We celebrate Independence Day this week, a time to reflect on the beliefs and actions of our Founding Fathers. In a similar way, I think it is profitable to occasionally consider the views of our fathers in the faith. James Harding was a preacher, writer, and educator in the late 19th and early 20th centuries; Harding University is named for him. This is from the July, 1900 edition of his publication “The Way” in response to a letter from a fellow editor on the “rebaptism” question that was then confronting many churches. For those in our Sunday morning Bible class, this article touches on some things we discussed about baptism last week. I commend it to your attention not only because it is good for us to be grounded in our history, but more importantly, because it is biblical. BP

 To demand that a man shall understand that baptism is in order to forgiveness of sins as a prerequisite to baptism, and to stop with that, is the perfection of inconsistency; and, worse still, it is the adoption of the principle that caused all the creeds in Christendom; it is rank sectarianism. As we have repeatedly shown in these columns, the very word (“eis”) that connects baptism with remission connects it also with another and a greater blessing—greater inasmuch as the whole is greater than any of its parts. For example, we are not only baptized eis remission, but (which is a much greater thing) we are baptized “eis the name of the Father and of the Son and of the Holy Spirit”—“into Christ.” All the spiritual blessings (of which remission of sins is one only) are found in Christ, in the name of the Father and of the Son and of the Holy Spirit. Baptism is the marriage ceremony in which we are united to Christ, in which we receive the family name, the name of the Father and of the Son and of the Holy Spirit, the name “God,” so that we are henceforth called “the sons of God;” then, having been thus brought into the divine family, we begin to receive the promises of God, the remission of sins, the gift of the Holy Spirit; the daily protection, guidance, and blessing of God; the constant readiness of God to hear and answer our prayers, and so on. Paul exhorts the Colossians to give thanks unto the Father, “who made us meet to be partakers of the inheritance of the saints in light; who delivered us out of the power of darkness, and translated us into the kingdom of the Son of his love; in whom we have our redemption, the forgiveness of our sins.” In baptism, he who believes with his whole heart that Jesus is the Christ, the Son of the living God, is made meet to be a partaker of the inheritance of the saints in light; he is delivered out of the power of darkness, and is translated into the kingdom of the Son of God’s love, in whom he receives the forgiveness of his sins: “For how many soever be the promises of God, in him is the yea: wherefore also through him is the Amen, unto the glory of God through us.” (2 Cor. 1:20.)

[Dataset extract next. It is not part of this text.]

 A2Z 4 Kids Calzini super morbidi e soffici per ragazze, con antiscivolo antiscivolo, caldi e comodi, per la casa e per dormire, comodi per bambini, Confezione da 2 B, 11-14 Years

How any man can fail to see that it is inconsistent, unreasonable, and unscriptural to demand that the candidate for baptism must understand that baptism is for (eis) the remission of sins, and not also demand that he must understand that he is baptized into (eis) the name of the Father and of the son and of the Holy spirit, when the fact has been explained to him that the relationship in the two cases is expressed by the same word, “eis” (into), is one of the things hard for me to understand. I doubt if anything but the stupefying power of prejudice and party passion, of sectarian zeal, could also blind a man…

All that Christ demands of a man as a prerequisite to baptism is believe with the heart (intellect, affections, and will) that Jesus is the Christ, the Son of the living God. He who demands more than this demands too much. He is more particular than God; he presumes to require of him who would enter into the divine family more than God himself requires. He exalts himself above God by assuming that he can complete that which God, for some cause, left imperfect. He is too wise, too good. To such a one Solomon wisely says: “Be not righteous overmuch; neither make thyself overwise: why shouldest thou destroy thyself?”

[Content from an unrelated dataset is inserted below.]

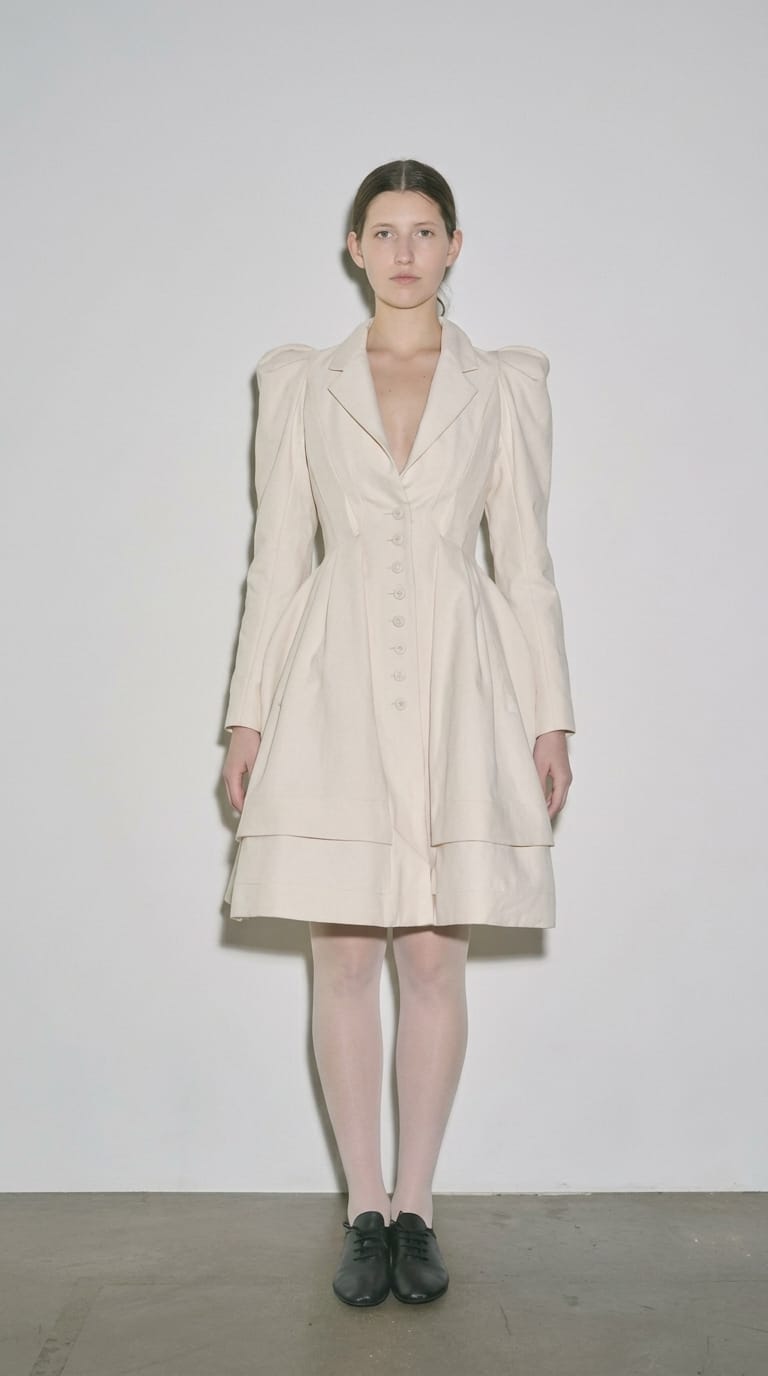 Jacquard Cocoon Coat w/ Lacing Detail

Of the man who has not been immersed, but who desires to be, we have the right to ask: Do you believe with your heart that God raised Jesus from the dead, and do you confess him as your Lord? (See Rom. 10:9, 10.) And of the man who has been immersed, and who desires to work and worship in fellowship with us, we have a right to ask: Did you believe with your heart that God raised Jesus from the dead, and did you confess him as your Lord? Who cannot see that the same state of mind and heart that prepares a man for baptism at my hands prepares him to receive the institution at the hands of any other?

The trouble with those people whom Paul immersed again at Ephesus (Acts 19:1-7) was, they did not believe that God had raised Jesus from the dead, nor had they confessed him as their Lord. They had only been baptized into John’s baptism for (into) the remission of sins. They had been baptized into John instead of into Jesus…When we find people who have been immersed; but who did not believe in the resurrection of Jesus, and who did not take him as their Lord, we ought to instruct them in the way of the Lord more perfectly; and when they do so believe and confess, we ought to re-immerse them. But no man has a right to re-immerse another who was baptized believing in Jesus as the resurrected Son of God and confessing him as his Lord. He who does it is “righteous overmuch;” he has made himself “overwise;” and he is in danger of destruction. Solomon says to him, “Why shouldest thou destroy thyself?” and Paul exhorts us to learn “not to go beyond the things which are written.” It is as dangerous to add to as it is to take from the word of God; and every division that has arisen among the people of God, so far as I remember, began in adding to, rather than in taking from, the requirements of Christ.